Verfahrensgang

Bayerisches LSG (Urteil vom 03.06.1958)

 

Tenor

Die Revision des Klägers gegen das Urteil des Bayerischen Landessozialgerichts in München vom 3. Juni 1958 wird als unzulässig verworfen.

Außergerichtliche Kosten sind nicht zu erstatten.

Von Rechts wegen.

 

Gründe

Der am 11. April 1937 geborene Kläger begehrt Anerkennung von Verletzungen an beiden Händen mit Verlust des rechten Zeigefingers als Schädigungsfolge im Sinne des Bundesversorgungsgesetzes (BVG) und Gewährung von Rente. Am 31. Oktober 1951 hielten amerikanische Soldaten in der Nähe seines Heimatortes Gefechtsübungen ab. Der Kläger sammelte mit zwei anderen Jugendlichen nach Abschluß der Übungen weggeworfene Geschoßhülsen, spielte damit und erlitt nach einer Explosion die bezeichneten Verletzungen.

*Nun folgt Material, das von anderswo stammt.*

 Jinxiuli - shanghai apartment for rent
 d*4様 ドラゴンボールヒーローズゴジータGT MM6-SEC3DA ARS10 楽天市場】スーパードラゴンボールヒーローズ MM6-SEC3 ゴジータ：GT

Die amerikanische Besatzungsmacht hat den geltend gemachten Schaden mit der Begründung abgelehnt, er sei durch Selbstverschulden entstanden. Den daraufhin vom Kläger gestellten Antrag auf Versorgung nach dem BVG hat das Versorgungsamt (VersorgA.) ebenfalls abgelehnt und dazu ausgeführt, der Unfall sei nach dem 31. Juli 1945 erfolgt. Der Anspruch auf Entschädigung richte sich deshalb nach besonderen, von der Besatzungsmacht erlassenen Vorschriften, nicht aber nach § 5 Abs. 1 Buchst. e BVG. Auch im Wege des Härteausgleichs könne eine Versorgung nicht gewährt werden, weil die Besatzungsmacht die Schadensersatzforderung für den Unfall abgelehnt hat und Leistungen nach den Vorschriften für die Kriegsopferversorgung nicht bereits gewährt worden sind. Hiergegen hat der Kläger beim Oberversicherungsamt (OVA.) Nürnberg Berufung eingelegt, die als Klage auf das Sozialgericht (SG.) Bayreuth übergegangen ist, und vorgetragen, es habe ihm trotz seines damaligen Alters von 14 Jahren an der nötigen Einsicht gefehlt, die Folgen seines Handelns zu überblicken, weil er ständig in ländlicher Umwelt gelebt habe.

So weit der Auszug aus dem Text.